McCallum v. United States

Decision Date21 April 1924
Docket Number4130.
Citation298 F. 373
PartiesMcCALLUM et al. v. UNITED STATES.
CourtU.S. Court of Appeals — Ninth Circuit

Rehearing Denied May 26, 1924.

W. T Plunkett, of San Francisco, Cal., for plaintiffs in error.

J. T Williams, U.S. Atty., and Thomas J. Sheridan, Asst. U.S Atty., both of San Francisco, Cal., and M. C. List, Sp. Asst U.S. Atty., of Washington, D.C.

Before GILBERT, HUNT, and RUDKIN, Circuit Judges.

GILBERT Circuit Judge.

The United States, at the request of the Interstate Commerce Commission brought an action to recover from the defendants, the board of state harbor commissioners of the state of California, penalties alleged to have been incurred by them for violations of the federal Safety Appliance Act of March 2, 1893, 27 Stat. 531 (Comp. St. Secs. 8605-8612), and the amendments thereto, committed in the operation of the State Belt Railroad, a railroad traversing the San Francisco harbor front and belonging to the state. The defendants answered, denying the jurisdiction, in that the suit was in fact brought against the state of California and a political and governmental agency of the state. The answer also denied that the board was a common carrier, or engaged in interstate commerce by railroad, and upon information and belief it denied the alleged violations of the Safety Appliance Act. Upon the trial a verdict was rendered for the plaintiff and judgment was thereon rendered for the plaintiff in the sum of $200.

We think that the court below properly held that the action was not an action against the state and that the court's jurisdiction thereof was not forbidden by the Eleventh Amendment to the Constitution. It is conceded that the board is an agency of the state, and that as such it conducts the business of the state on the water front and manages the State Belt Railroad. But this is not a case in which the members of the board were acting within the power and duty vested in them by law, or in pursuance of authorization from the state. It is an action in tort to recover penalties for wrongful acts committed in violation of a law of the United States, not by the state, but by individuals acting as its servants. The state could not and did not authorize the commission of such wrongful acts, and immunity of the state from suit does not relieve state officers from responsibility for their unlawful action. In Hopkins v. Clemson College, 221 U.S. 636, 31 Sup.Ct. 654, 55 L.Ed. 890, 35 L.R.A. (N.S.) 243, the court declared immunity from suit to be 'a high attribute of sovereignty-- a prerogative of the state itself-- which cannot be availed of by public agents when sued for their own torts. ' The principle is illustrated in numerous decisions, among which are Poindexter v. Greenhow, 114 U.S. 270, 5 Sup.Ct. 903, 962, 29 L.Ed. 185; Reagan v. Farmers' Loan & Trust Co., 154 U.S. 362, 14 Sup.Ct. 1047, 38 L.Ed. 1014; Ex parte Young, 209 U.S. 123, 28 Sup.Ct. 441, 52 L.Ed. 714, 13 L.R.A. (N.S.) 932, 14 Ann.Cas. 764; Johnson v. Lankford, 245 U.S. 541, 38 Sup.Ct. 203, 62 L.Ed. 460; Looney v. Crane Co., 245 U.S. 178, 38 Sup.Ct. 85, 62 L.Ed. 230.

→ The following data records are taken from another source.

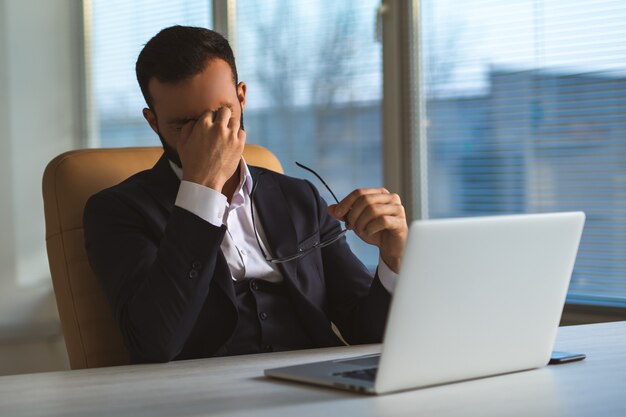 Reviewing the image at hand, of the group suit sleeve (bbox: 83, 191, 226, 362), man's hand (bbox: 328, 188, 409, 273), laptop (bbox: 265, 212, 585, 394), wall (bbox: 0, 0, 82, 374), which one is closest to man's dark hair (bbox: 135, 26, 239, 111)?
suit sleeve (bbox: 83, 191, 226, 362)

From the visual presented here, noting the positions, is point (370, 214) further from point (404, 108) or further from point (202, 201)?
point (404, 108)

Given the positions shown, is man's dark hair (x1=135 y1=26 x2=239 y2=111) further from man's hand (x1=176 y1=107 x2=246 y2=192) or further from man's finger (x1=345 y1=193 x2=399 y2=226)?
man's finger (x1=345 y1=193 x2=399 y2=226)

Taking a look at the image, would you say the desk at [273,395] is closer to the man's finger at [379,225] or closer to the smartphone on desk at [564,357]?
the smartphone on desk at [564,357]

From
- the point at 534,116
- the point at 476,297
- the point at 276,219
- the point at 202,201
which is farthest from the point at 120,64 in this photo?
the point at 476,297

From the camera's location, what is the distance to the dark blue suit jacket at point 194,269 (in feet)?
5.01

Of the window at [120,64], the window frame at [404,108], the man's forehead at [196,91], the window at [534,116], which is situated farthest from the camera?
the window at [120,64]

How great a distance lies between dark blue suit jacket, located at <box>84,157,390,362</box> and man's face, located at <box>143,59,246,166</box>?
90 mm

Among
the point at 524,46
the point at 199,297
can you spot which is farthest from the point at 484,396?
the point at 524,46

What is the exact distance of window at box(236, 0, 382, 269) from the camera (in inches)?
129

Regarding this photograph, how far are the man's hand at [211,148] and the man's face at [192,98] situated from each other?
1.1 inches

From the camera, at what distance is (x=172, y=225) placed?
5.03ft

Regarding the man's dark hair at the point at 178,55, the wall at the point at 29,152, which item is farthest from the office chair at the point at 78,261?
the wall at the point at 29,152

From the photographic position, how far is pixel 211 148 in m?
1.67

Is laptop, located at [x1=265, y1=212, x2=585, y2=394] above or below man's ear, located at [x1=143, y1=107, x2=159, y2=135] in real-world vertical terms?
below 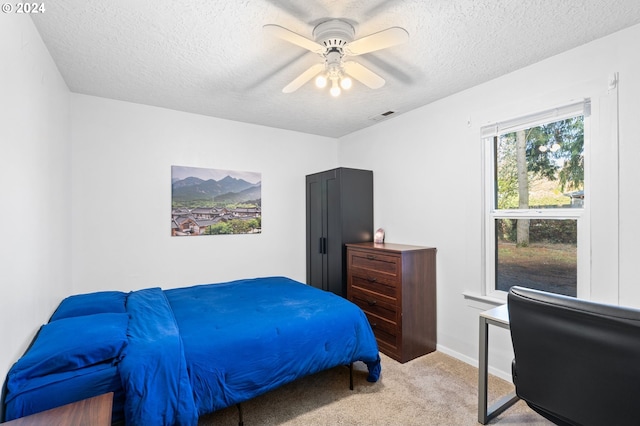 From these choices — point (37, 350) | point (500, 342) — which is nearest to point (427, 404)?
point (500, 342)

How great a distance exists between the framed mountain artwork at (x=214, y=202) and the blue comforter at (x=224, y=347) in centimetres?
94

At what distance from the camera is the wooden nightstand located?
118 centimetres

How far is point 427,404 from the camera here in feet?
7.07

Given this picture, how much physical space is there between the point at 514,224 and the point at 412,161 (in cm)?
119

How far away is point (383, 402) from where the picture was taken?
2.18 meters

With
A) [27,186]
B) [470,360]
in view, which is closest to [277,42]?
[27,186]

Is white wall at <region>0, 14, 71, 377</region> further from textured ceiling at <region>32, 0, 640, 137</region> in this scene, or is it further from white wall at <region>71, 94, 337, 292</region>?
white wall at <region>71, 94, 337, 292</region>

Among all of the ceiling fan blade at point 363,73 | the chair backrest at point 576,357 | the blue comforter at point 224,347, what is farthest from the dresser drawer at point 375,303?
the ceiling fan blade at point 363,73

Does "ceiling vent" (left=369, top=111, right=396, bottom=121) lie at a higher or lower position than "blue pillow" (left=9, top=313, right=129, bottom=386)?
higher

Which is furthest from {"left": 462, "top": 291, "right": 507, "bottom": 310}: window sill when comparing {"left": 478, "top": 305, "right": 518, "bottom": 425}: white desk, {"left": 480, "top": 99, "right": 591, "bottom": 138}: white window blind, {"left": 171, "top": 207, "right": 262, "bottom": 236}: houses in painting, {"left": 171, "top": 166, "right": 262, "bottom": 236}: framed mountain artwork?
{"left": 171, "top": 207, "right": 262, "bottom": 236}: houses in painting

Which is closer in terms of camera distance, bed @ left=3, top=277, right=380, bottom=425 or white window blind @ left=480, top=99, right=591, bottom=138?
bed @ left=3, top=277, right=380, bottom=425

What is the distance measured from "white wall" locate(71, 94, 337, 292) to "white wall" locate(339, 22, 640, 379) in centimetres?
127

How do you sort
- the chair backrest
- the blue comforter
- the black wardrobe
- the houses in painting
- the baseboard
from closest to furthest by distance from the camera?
1. the chair backrest
2. the blue comforter
3. the baseboard
4. the houses in painting
5. the black wardrobe

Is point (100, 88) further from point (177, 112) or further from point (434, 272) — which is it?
point (434, 272) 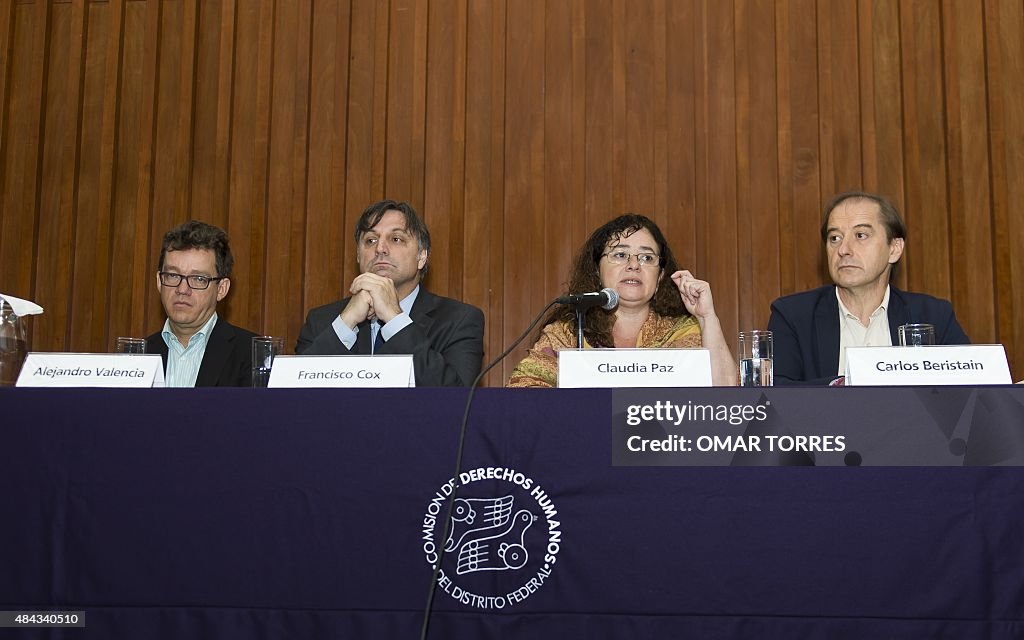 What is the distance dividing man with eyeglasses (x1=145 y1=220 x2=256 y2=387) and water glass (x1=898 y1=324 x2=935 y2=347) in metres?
1.98

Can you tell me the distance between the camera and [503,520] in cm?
169

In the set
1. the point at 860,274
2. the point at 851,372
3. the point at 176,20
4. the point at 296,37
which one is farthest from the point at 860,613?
the point at 176,20

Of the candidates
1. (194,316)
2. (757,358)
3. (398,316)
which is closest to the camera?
(757,358)

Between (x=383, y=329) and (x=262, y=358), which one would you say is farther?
(x=383, y=329)

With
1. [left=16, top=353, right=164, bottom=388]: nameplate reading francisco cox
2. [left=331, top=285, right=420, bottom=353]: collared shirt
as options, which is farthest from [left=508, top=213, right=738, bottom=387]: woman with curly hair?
[left=16, top=353, right=164, bottom=388]: nameplate reading francisco cox

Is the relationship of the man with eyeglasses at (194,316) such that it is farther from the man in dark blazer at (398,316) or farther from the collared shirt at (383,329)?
the collared shirt at (383,329)

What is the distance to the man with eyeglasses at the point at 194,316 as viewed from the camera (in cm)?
306

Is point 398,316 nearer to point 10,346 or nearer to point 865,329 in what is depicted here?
point 10,346

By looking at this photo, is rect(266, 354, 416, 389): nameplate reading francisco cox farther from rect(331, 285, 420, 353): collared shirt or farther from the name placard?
the name placard

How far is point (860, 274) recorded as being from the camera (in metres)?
2.82

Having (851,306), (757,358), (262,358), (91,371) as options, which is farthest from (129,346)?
(851,306)

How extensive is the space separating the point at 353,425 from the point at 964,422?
1.13 meters

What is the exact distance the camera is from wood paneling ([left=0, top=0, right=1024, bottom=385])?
3.52 metres

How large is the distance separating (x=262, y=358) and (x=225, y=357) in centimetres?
95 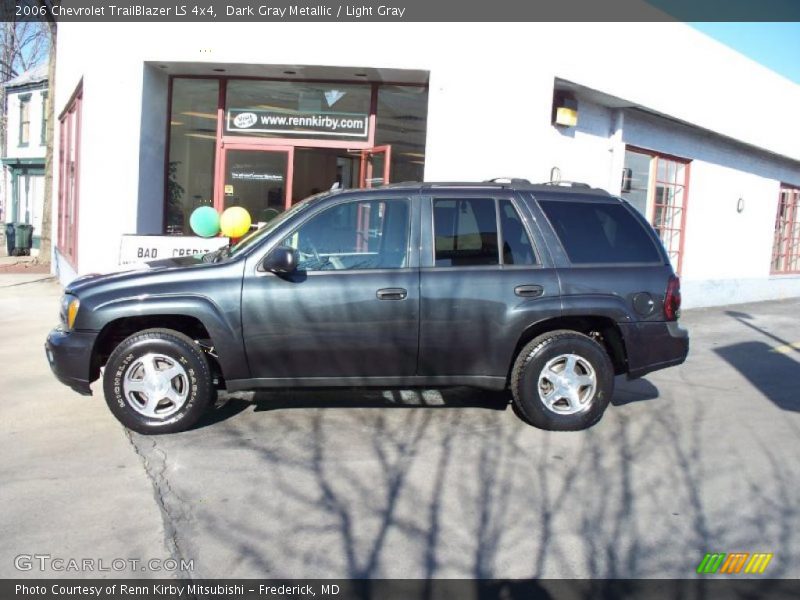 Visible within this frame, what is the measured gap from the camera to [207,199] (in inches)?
440

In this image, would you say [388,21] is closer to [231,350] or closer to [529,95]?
[529,95]

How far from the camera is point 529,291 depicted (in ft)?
18.0

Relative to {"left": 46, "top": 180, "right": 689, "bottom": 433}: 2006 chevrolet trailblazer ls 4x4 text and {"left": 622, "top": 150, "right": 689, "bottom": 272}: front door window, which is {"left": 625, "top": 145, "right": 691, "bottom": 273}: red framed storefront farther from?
{"left": 46, "top": 180, "right": 689, "bottom": 433}: 2006 chevrolet trailblazer ls 4x4 text

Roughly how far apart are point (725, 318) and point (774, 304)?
13.1 ft

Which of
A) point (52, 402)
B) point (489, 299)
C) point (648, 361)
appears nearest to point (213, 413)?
point (52, 402)

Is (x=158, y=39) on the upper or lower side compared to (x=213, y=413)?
upper

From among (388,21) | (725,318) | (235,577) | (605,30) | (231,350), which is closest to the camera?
(235,577)

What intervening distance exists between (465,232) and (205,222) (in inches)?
185

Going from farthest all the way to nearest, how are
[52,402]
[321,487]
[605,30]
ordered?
[605,30] → [52,402] → [321,487]

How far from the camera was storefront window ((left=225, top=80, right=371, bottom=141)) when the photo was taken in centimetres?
1083

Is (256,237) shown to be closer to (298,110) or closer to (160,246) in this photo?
(160,246)

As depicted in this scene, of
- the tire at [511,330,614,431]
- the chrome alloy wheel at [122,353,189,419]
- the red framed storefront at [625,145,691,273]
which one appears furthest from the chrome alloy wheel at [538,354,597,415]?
the red framed storefront at [625,145,691,273]

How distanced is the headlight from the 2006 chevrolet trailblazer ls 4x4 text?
2cm

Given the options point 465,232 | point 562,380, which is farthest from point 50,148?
point 562,380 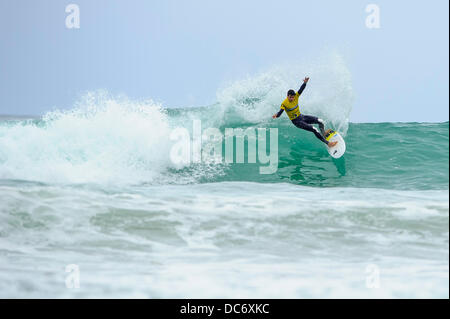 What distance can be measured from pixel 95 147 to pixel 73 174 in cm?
207

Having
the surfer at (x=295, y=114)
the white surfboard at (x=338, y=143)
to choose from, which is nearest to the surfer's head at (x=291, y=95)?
the surfer at (x=295, y=114)

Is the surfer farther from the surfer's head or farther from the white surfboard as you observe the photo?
the white surfboard

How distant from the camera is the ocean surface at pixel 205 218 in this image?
4.45 metres

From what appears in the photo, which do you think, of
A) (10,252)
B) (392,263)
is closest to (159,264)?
→ (10,252)

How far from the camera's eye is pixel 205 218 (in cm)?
645

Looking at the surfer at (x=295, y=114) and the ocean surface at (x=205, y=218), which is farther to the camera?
the surfer at (x=295, y=114)

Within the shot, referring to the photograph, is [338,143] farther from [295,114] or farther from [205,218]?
[205,218]

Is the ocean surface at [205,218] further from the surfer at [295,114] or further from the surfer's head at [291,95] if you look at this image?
the surfer's head at [291,95]

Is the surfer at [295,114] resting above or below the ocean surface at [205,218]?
above

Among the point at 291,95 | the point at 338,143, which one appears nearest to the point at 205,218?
the point at 291,95

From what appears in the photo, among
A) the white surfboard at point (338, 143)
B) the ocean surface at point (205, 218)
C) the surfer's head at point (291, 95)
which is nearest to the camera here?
the ocean surface at point (205, 218)

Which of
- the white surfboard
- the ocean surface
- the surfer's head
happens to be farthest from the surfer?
the ocean surface

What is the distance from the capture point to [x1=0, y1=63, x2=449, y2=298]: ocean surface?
14.6 ft

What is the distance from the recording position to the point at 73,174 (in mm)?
9617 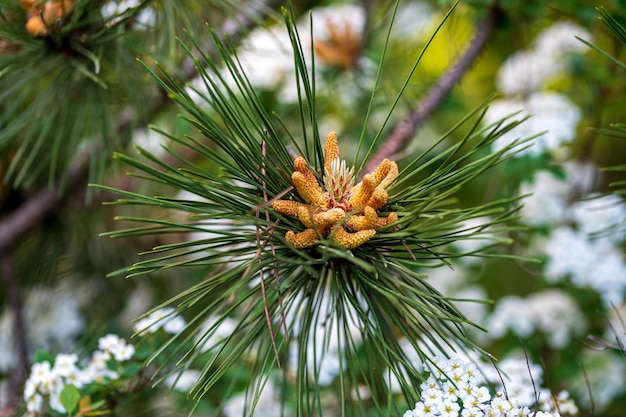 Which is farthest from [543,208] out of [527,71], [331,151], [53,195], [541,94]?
[53,195]

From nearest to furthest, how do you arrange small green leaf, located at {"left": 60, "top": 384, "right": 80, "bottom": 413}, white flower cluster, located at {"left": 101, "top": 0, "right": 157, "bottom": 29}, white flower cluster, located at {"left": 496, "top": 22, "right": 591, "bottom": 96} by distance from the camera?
small green leaf, located at {"left": 60, "top": 384, "right": 80, "bottom": 413} → white flower cluster, located at {"left": 101, "top": 0, "right": 157, "bottom": 29} → white flower cluster, located at {"left": 496, "top": 22, "right": 591, "bottom": 96}

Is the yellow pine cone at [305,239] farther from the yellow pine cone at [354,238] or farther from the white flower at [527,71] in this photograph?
the white flower at [527,71]

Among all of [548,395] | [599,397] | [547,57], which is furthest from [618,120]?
[548,395]

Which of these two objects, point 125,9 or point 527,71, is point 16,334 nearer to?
point 125,9

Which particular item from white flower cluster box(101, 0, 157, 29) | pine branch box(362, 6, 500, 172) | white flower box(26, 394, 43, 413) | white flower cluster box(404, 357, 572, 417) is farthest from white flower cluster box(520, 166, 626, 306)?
white flower box(26, 394, 43, 413)

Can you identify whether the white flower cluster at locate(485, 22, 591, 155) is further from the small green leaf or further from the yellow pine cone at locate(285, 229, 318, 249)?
the small green leaf

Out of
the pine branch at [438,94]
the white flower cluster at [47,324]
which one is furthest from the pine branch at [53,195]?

The trial court, over the defendants' exception, granted the plaintiff's motion for a directed verdict in its favor. That ruling is assigned as error, and it is contended that the Belt Railroad was not engaged in interstate commerce, since it served all carrier routes alike and charged therefor only a switching rate for hauling loaded and empty freight cars or rolling stock belonging to such carrier roads, and its service to the railroads commenced and ended with the receipt from or delivery to the carrier road, of the cars to be hauled, and the movement in interstate commerce also began and ended with the surrendering or receipt of the cars of the carrier road to or from the Belt Railroad, as the case might be. The evidence showed that the Belt Railroad received cars from the Southern Pacific, the Western Pacific, the Atchison, Topeka & Santa Fe, and the Northwestern Pacific, but that such railroads were not permitted to operate on the Belt Railroad tracks, excepting that the Southern Pacific delivered cars on the Belt Railroad's transfer track, that the Belt Railroad moved freight in loaded cars to and from 43 wharves for shipments of goods in interstate commerce, and that it delivered freight from 175 industries on its line to these 43 wharves for shipment on steamers, and freight from these wharves to the industries, and that it hauled cars between the other railroads and the docks, and cars belonging to railroads operating wholly without the state of California, and that it hauled baggage cars and Pullman cars; and while the Belt Railroad issued no bills of lading, or receipts, or invoices, it did issue bills and receipts for switching and the services rendered were paid for at the rate generally of $3.50 for a loaded car, $2.25 for an empty car, $5 for a loaded baggage car, and $10 for a Pullman car.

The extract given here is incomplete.